Mr Swart said that it could be open to broad interpretation, but clause 14(1)(b)(ix) allowed the SAHRC to bring proceedings. His concern was that there could be a horizontal application. He cited an example of the Catholic Church, which held strong views on abortion, and said that notionally, the SAHRC could bring proceedings in a competent court to prevent that church from promoting its anti-abortion views. The court would then need to consider the competing right and whether freedom of expression took precedence. The problem was, however, that as presently worded, a small church might find itself bearing the costs of litigation. In Canada, pastors had been taken to court for speaking out against abortion or homosexuality. He also noted that the SAHRC had powers of search and seizure, and he asked Members to think about whether a horizontal application was desirable or whether it should be limited.

The Chairperson said that the provision was desirable in broad terms but there could well be practical concerns as raised by Mr Swart.

Mr Swart added that the SAHRC had expressed concerns that it had too few powers over state departments. The question was whether the exercise of this power should be limited to organs of state.

Ms Schäfer responded to Mr Swart that his example might not be entirely correct. A local municipality (and not, she wanted to stress, the DA as a party) was investigated by SAHRC on the open toilet issues. She also cited the example that the Zimbabwean government, for instance, may report that it had free and fair elections, but another institution reporting may hold an entirely different view.

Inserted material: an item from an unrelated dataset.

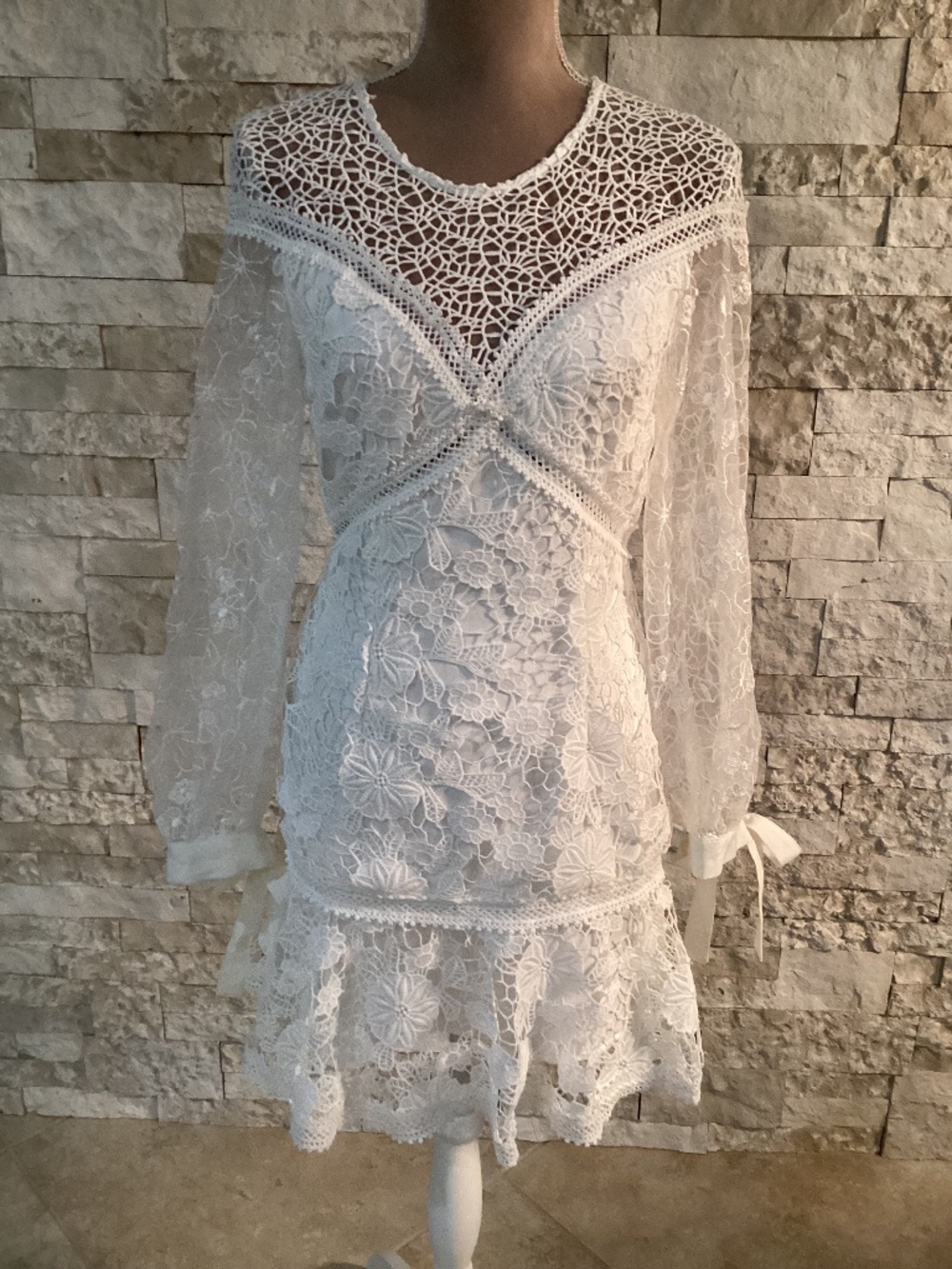 Few Moda White Lace Shift Dress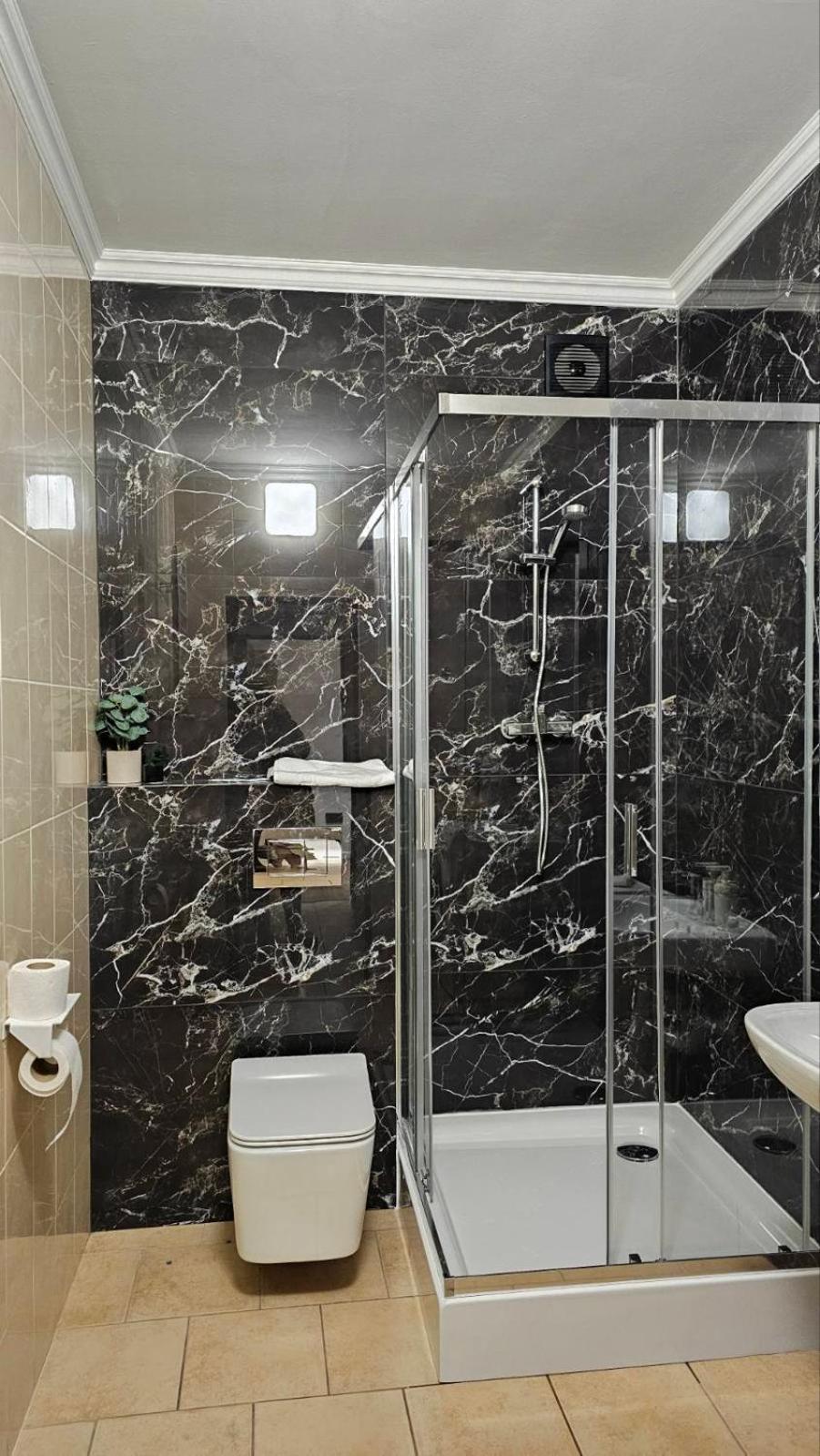 Black Room Apartment ムカチェヴォ エクステリア 写真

Ms Pilane-Majake sought clarity on subparagraph (vii) relating to international instruments. She wondered if this would not duplicate the reports that were to be prepared by government departments.

The Chairperson said that this related to conventions and treaties.

Ms Pilane-Majake made the point that in effect everything going to the UN was to do broadly with human rights. She reminded Members that on the previous day, the Committee had considered the International Covenant on Economic, Social and Cultural Rights, and the Department had stated that the SAHRC would have to attend to the country reports. She thought that the responsibilities must be clearly outlined, so that there was no confusion who was to report. She would have thought that the role of writing reports fell to the departments.

Mr Holomisa said that everyone was already bound by the Constitution, but the fact that institutions did not comply with the law made it necessary then also to have the SAHRC. He suggested that it was in practice impossible to avoid at least some degree of duplication. Every department must have something to do with human rights, and must report to Parliament, but the SAHRC was established to ensure that human rights were protected.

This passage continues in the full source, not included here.